The big difference is liability. Vaccine distributed under the EUA label and name are exempt the manufacturer from liability. Once they put the approved name and label, they are open to liability lawsuits. My friend the pharmaceutical company executive in Florida says this is why Pfizer is still distributing their vaccine under the EUA instead of using the approved name and label.
 

sevenhelmet

Low calorie attack from the Heartland
pilot
The fact that 2/3 of a senior enlisted, junior officer, and mid-grade officer can ever come to this conclusion makes me weep for our future.

Agreed. Once it’s established a sailor has willfully violated the Navy’s drug policy, there is really only one correct decision.
 

sevenhelmet

Low calorie attack from the Heartland
pilot
The big difference is liability. Vaccine distributed under the EUA label and name are exempt the manufacturer from liability. Once they put the approved name and label, they are open to liability lawsuits. My friend the pharmaceutical company executive in Florida says this is why Pfizer is still distributing their vaccine under the EUA instead of using the approved name and label.

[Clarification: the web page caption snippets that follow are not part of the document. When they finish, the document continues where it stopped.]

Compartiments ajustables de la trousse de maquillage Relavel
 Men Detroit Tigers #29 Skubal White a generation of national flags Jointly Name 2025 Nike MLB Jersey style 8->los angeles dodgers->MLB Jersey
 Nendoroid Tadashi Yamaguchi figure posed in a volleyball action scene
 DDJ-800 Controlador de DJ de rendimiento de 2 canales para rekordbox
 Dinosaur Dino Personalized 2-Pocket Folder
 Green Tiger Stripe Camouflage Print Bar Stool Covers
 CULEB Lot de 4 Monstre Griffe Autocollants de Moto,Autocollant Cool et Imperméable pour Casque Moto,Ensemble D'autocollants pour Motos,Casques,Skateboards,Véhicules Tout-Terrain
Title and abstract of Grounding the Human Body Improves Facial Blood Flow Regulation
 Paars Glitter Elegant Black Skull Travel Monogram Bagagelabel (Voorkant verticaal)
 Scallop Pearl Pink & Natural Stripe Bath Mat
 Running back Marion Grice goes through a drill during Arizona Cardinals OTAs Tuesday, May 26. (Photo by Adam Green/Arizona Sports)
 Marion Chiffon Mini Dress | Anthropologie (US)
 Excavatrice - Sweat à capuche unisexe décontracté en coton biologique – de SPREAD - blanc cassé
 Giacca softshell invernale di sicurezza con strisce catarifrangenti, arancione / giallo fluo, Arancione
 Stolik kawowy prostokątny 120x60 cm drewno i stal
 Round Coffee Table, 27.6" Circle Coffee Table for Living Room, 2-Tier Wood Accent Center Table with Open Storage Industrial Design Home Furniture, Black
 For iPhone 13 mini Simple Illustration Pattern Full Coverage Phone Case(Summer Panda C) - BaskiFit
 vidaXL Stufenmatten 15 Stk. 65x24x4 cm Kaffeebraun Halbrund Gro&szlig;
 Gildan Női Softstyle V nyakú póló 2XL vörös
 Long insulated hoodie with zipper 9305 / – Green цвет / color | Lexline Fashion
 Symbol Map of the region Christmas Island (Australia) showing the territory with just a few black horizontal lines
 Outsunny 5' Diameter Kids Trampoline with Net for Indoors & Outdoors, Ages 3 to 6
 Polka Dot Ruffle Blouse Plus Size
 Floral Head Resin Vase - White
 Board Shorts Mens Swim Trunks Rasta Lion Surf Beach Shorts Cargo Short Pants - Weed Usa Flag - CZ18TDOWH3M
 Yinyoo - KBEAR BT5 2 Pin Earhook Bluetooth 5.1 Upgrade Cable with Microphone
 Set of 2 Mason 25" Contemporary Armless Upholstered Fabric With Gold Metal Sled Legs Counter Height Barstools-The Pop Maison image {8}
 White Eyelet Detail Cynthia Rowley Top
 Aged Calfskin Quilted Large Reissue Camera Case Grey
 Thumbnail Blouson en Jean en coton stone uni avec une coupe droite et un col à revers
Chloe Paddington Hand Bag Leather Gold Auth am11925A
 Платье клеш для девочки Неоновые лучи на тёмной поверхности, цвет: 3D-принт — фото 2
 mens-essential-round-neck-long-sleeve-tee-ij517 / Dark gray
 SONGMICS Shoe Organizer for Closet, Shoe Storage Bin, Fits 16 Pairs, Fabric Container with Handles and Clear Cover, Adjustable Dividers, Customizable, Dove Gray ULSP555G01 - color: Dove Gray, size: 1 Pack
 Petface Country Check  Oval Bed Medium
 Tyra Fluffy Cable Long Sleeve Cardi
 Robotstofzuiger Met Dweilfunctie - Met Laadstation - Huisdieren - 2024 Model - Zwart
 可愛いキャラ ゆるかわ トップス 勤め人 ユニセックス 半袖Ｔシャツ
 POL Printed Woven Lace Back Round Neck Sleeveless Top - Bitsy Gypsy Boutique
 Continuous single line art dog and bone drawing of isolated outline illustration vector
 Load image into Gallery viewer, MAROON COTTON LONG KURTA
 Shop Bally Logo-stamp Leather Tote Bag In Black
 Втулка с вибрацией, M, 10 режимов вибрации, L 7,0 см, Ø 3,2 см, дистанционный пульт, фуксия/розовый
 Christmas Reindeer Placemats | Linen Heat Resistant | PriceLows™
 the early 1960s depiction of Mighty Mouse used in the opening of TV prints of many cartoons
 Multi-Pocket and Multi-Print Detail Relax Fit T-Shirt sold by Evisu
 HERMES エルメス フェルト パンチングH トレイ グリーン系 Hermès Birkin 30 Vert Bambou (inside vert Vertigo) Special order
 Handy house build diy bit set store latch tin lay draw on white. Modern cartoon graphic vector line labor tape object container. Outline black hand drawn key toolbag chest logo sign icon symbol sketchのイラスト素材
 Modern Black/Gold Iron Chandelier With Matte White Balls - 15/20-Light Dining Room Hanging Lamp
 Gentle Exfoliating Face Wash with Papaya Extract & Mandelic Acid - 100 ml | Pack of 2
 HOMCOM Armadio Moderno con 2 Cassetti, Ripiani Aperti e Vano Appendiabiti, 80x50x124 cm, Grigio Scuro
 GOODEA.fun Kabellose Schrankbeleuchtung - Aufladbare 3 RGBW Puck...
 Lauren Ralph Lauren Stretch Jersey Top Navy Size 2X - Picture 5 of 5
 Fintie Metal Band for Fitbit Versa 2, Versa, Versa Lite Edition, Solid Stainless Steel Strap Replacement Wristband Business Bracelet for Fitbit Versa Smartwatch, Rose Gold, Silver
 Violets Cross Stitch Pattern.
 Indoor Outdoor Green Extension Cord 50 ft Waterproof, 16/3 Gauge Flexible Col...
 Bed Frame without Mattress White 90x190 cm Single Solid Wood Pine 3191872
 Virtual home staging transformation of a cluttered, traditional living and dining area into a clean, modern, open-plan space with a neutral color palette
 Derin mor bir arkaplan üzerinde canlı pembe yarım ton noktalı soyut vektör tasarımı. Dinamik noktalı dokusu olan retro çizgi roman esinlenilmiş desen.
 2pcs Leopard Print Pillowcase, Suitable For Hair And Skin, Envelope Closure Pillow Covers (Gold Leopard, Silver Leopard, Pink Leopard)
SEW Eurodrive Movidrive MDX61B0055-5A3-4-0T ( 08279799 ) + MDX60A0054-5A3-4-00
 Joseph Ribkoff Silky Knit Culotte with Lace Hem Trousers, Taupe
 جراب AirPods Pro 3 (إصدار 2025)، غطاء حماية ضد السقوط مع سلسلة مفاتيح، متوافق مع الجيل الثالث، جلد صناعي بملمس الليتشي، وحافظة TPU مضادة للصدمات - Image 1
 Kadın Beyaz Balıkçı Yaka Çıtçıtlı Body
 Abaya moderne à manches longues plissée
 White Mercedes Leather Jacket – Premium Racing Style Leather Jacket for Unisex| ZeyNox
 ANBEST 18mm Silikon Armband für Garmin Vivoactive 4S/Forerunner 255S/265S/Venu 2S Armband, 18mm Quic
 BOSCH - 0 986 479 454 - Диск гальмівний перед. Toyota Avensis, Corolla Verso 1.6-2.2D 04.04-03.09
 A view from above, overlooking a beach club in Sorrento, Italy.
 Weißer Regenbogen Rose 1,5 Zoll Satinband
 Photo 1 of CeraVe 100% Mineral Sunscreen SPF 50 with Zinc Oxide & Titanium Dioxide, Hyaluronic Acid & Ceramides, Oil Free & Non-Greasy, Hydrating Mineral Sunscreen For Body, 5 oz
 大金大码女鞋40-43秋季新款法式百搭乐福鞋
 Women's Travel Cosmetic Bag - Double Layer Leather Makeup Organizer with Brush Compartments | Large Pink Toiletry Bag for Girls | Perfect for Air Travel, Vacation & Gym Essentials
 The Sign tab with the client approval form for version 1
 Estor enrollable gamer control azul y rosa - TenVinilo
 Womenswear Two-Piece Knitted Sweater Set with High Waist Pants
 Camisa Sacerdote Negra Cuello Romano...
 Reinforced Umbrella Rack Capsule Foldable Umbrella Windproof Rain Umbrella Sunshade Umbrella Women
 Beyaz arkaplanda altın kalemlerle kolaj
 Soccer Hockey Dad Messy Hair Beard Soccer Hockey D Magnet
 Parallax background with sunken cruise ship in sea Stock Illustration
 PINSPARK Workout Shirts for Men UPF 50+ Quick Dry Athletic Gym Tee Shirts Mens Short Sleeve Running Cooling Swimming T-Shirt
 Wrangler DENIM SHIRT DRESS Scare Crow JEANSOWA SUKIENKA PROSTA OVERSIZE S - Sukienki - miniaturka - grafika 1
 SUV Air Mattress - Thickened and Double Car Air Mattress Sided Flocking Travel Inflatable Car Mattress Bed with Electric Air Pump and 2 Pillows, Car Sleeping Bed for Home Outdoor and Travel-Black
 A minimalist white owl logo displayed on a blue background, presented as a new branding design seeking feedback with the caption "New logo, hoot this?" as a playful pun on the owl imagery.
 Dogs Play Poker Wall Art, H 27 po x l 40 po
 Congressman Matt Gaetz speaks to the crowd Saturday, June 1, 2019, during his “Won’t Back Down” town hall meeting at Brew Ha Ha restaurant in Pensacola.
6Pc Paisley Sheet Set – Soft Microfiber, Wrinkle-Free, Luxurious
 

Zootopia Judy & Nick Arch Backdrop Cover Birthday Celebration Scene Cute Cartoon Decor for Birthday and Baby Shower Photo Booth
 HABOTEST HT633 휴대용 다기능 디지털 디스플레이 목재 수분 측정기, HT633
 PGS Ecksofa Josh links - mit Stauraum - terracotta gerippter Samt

That the government is OK with that is concerning to me. A lot of these things seem like they could have been sorted out by now, and it eats away at public confidence that they haven’t been. The results are widely apparent.
 

Spekkio

He bowls overhand.
Agreed. Once it’s established a sailor has willfully violated the Navy’s drug policy, there is really only one correct decision.
What gets me is that the threshold for proof is supposed to be a preponderance of evidence. Yes, you could argue that there is reason to doubt the results of the drug test, which is why these cases almost never go to court martial. You cannot reasonably argue that the odds that the drug test is accurate is only 49%.